All About Lakeland Terrier

Lakeland Terrier Dog Signs

All About Lakeland Terrier



Description of a Lakeland Terrier

The Lakeland Terrier has a curly, coarse outer coat and a soft, wooly and very dense undercoat. The coat can come in a number of colors from black to tan, grizzle to liver or other combinations. A saddle of a darker color is acceptable but not required. Although a smaller terrier they are very athletic and have a strong terrier instinct. The face is rather long and covered with bushy hair that gives a mischievous expression to the dog. The tail is traditionally docked and carried very high. The mature dogs appear to have a slight beard and their folded over ears are always held alert. They are have long straight and sturdy looking legs and often appear to be walking on the tips of their toes.

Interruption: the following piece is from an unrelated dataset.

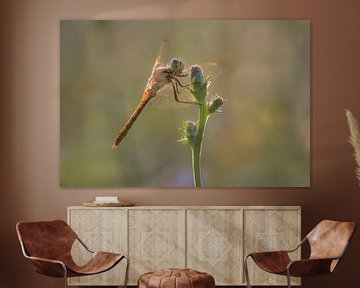 Dragonfly by Moetwil en van Dijk - Fotografie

Temperament of a Lakeland Terrier

Although bred as a hunting dog the Lakeland does not have the strong prey instinct of many terriers and is a great companion dog to other non-canine pets and dogs. They do need socialization as puppies but will quickly learn to accept new people, pets and situations. They are very playful and love to please, making them relatively easy to train. The breed can be somewhat stubborn and independent, especially in the teen-aged years, but consistent training will avoid any problems. Sometimes the breed is a challenge to housetrain. They are great with children and love to romp and play and prefer to be with the family rather than alone. The Lakeland Terrier is naturally possessive of its food and toys, so needs to learn how to share from an early age. They are good watchdogs but are not excessive barkers. Lakeland Terriers, as most terriers, have natural digging behaviors when bored or alone.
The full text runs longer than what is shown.